このツールは、高度な操作を行うための強力なツールであり、慎重に使用する必要があります。管理者が主に利用するためのものであり、誤操作がシステム全体に影響を及ぼす可能性があります。

主な機能

1. Active Directoryデータベースの管理

  • データベースの圧縮やデフラグ、整合性チェックを実施。
  • データベースファイル(NTDS.dit)の移動。

2. メタデータのクリーンアップ

  • ドメインコントローラーが適切に削除されなかった場合に残るメタデータを手動で削除。

3. 操作マスターロール(FSMO)の管理

  • Flexible Single Master Operation(FSMO)ロールの転送や強制的な移行。

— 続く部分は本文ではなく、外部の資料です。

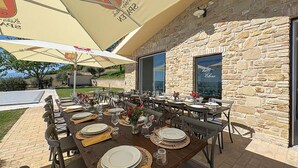 Un área de comedor al aire libre con muros de piedra, sombrillas grandes y mesas dispuestas para una comida.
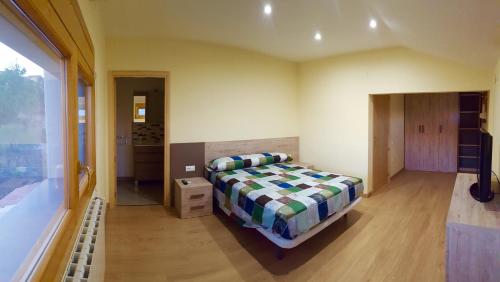 a bedroom with a bed and a large window at CASA LA FÀBRICA in Horta de San Joan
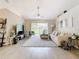 Spacious living room with a large sectional sofa and sliding glass doors at 7471 Crooked Lake Cir, Orlando, FL 32818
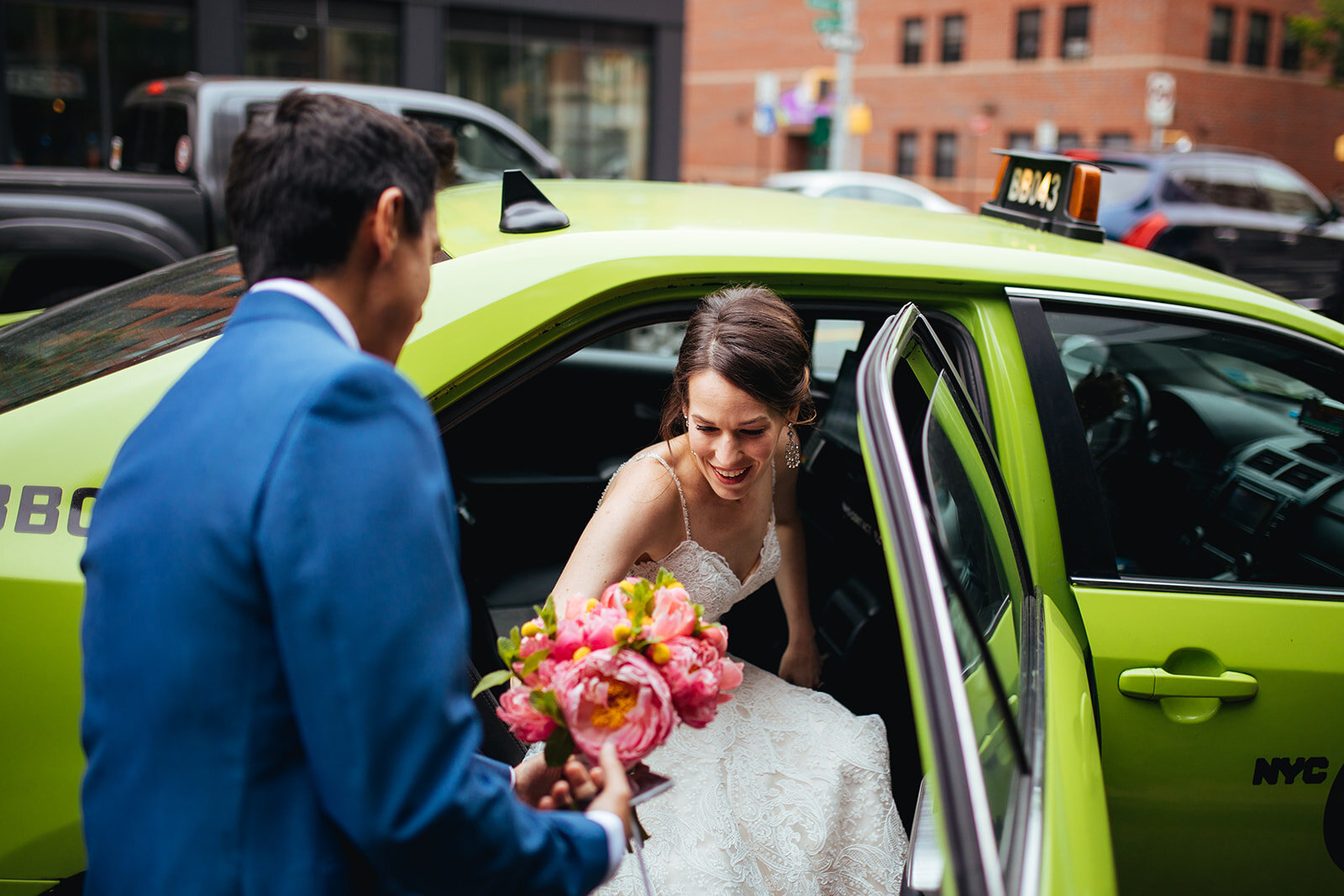 Future spouses getting out of a cab in Brooklyn NYC Shawnee Custalow wedding photography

4. Active Directoryスナップショットの管理

  • データベースのスナップショットを作成し、検証やリカバリ用に使用。

5. グローバルカタログの管理

  • ドメインコントローラーのグローバルカタログの有効化または無効化。

6. AD構成の管理

  • サイトやレプリケーション設定の変更。

ntdsutilの使い方

基本構文

ntdsutil [コマンド] [オプション]

ntdsutilの起動

コマンドプロンプトまたはPowerShellで以下を入力してツールを起動します。

ntdsutil

1. データベースの圧縮(オフラインデフラグ)

Active Directoryデータベースを圧縮してサイズを最適化します。

  1. ディレクトリサービスを停止
    net stop ntds
    
  2. ntdsutilを起動し、データベースを圧縮
    ntdsutil
    files
    compact to <出力ディレクトリ>
    quit
    
  3. 新しいデータベースファイルを元の場所に置換し、ディレクトリサービスを再起動
    net start ntds
    

2. メタデータのクリーンアップ

削除済みドメインコントローラーの残存データを手動で削除します。

  1. ntdsutilを起動してメタデータをクリーンアップモードに変更。
    ntdsutil
    metadata cleanup
    
  2. コンテキスト内で対象のドメインコントローラーを指定し、削除。
    select operation target
    remove selected server <ドメインコントローラー名>
    quit
    

3. FSMOロールの転送または強制移行

FSMOロールを転送または別のドメインコントローラーに強制移行します。

  1. FSMOロールの一覧を表示
    ntdsutil
    roles
    connections
    connect to server <ドメインコントローラー名>
    quit
    select operation target
    list roles for connected server
    quit
    
  2. ロールを転送または強制移行 transfer <ロール名> seize <ロール名>

4. ADスナップショットの管理

  1. スナップショットの作成
    ntdsutil
    snapshot
    activate instance ntds
    create
    quit
    
  2. スナップショットのマウント
    ntdsutil
    snapshot
    list all
    mount <スナップショットID>
    quit
    
  3. スナップショットの解除
    ntdsutil
    snapshot
    unmount <スナップショットID>
    quit
    

5. データベースファイルの移動

Active Directoryデータベースファイル(NTDS.dit)を別の場所に移動します。

  1. ディレクトリサービスを停止
    net stop ntds
    
  2. ファイル移動コマンドを実行
    ntdsutil
    files
    move db to <新しいパス>
    quit
    
  3. ディレクトリサービスを再起動
    net start ntds
    

注意点

  1. 慎重な操作
    • ntdsutilはActive Directoryの中核的な部分を操作するため、誤操作がシステム全体に影響を及ぼす可能性があります。事前にバックアップを取ることが重要です。
  2. 管理者権限
    • ntdsutilを利用するには、ドメイン管理者またはエンタープライズ管理者の権限が必要です。
  3. トラブルシューティングでの使用
    • ntdsutilは通常、トラブルシューティングや高度なメンテナンスに使用され、日常的な運用ではほとんど必要ありません。

まとめ

ntdsutilは、Active Directory環境を維持・管理する上で非常に強力なツールです。特に、データベースのメンテナンスや問題発生時の修復、FSMOロールの管理、メタデータのクリーンアップに役立ちます。ただし、その強力さゆえに誤操作によるリスクも伴うため、使用には慎重な計画と十分な理解が求められます。事前に環境のバックアップを取り、安全に利用することが最善のアプローチです。